Taking a look at free tuition and Brantford

Premier Kathleen Wynne has announced grants that will cover tuition costs for post-secondary students coming from middle to low income families. It had not dawned on me that I supported Premier Wynne until realizing this is the second article I’ve written supporting her policy change. Yes, it seems Canada is making a return to a former glory that has not been recognized since Chretien was in office. However, despite any polarizing feelings towards the new policy, it is important to understand how it will affect Brantford.
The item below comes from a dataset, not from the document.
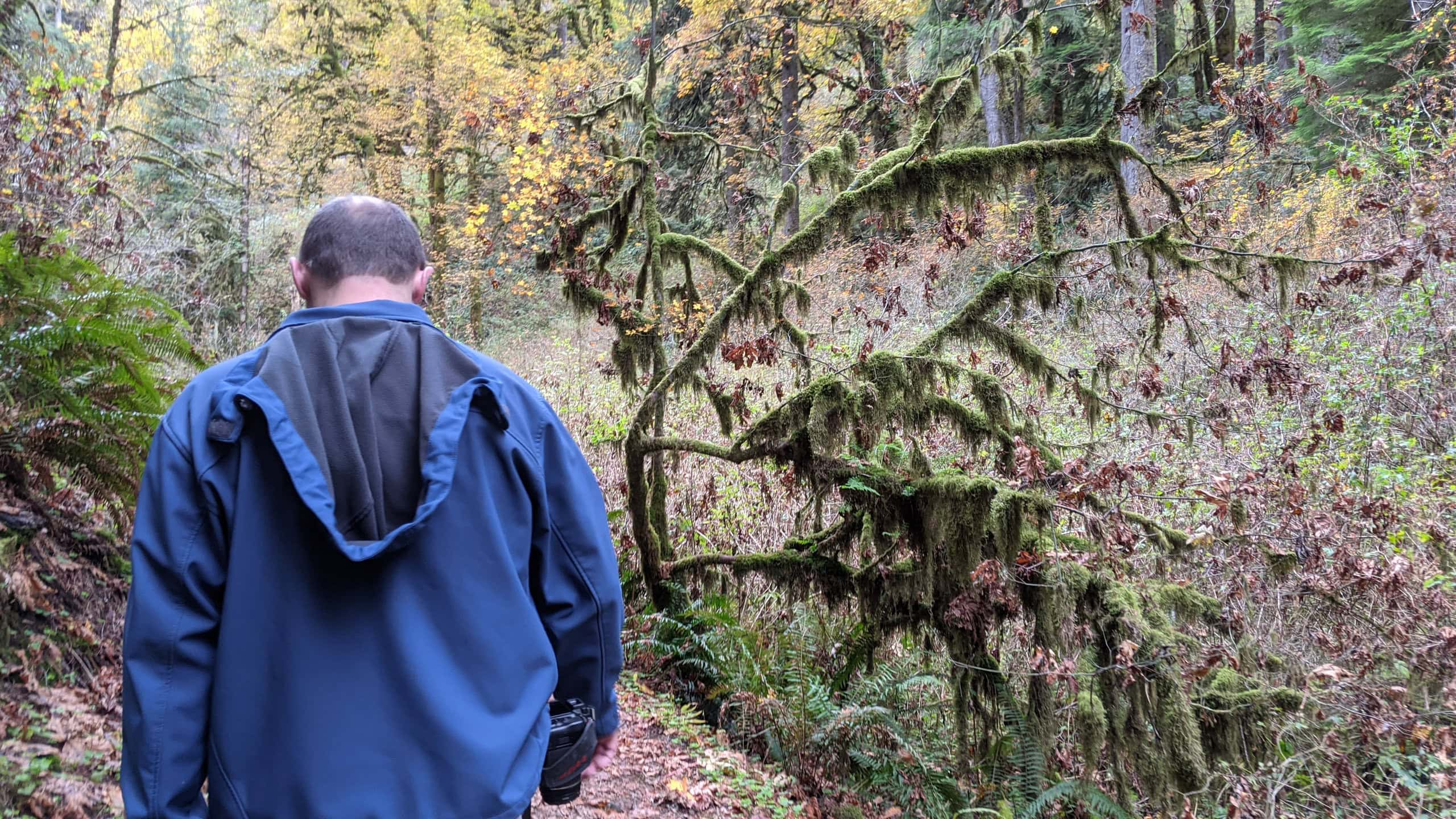 Nov 8 - Changing Directions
There are some major factors that should be taken into consideration. These include changes in population demographics, availability of jobs and the willingness of people to learn. Even if someone is getting a university education for free are they going to want to spend it in Brantford? As it stands the unemployment rate in Brantford is at six percent. This has been reflecting a downwards trend in the past years but it’s not possible to tell whether free tuition will help or hinder this figure. For one, most research indicates people with post-secondary education generally earn more. However, Tom Lindsay, from Forbes would argue a different point. In his view, the university experience is obsolete. Four years of class work is absurd and ridiculous. Liberal education is important, but the quality of education has become so diluted that most of what we are learning in university should have been taught in high school. On the other hand, free education might act like a relief on some economic strains.

Most countries will look to Germany for the standard of economic benefits associated to offering free tuition. After all, less student debt means more money in our pocket which means we’re free to blow it elsewhere. In my opinion, our little town will be better off. With a family average income of thirty-three thousand a year, a lot of Brantford students may now have a chance in an area they otherwise might not have. Can you imagine if Wayne Gretzky never played hockey because his parents could not afford the athletic fees? The only people in trouble are going to be those who’ve piggy backed off their parent’s success. With more people coming to school we can expect a higher degree of competition. Now the “good” jobs might actually go to the people who deserve them as opposed to the people who can afford them.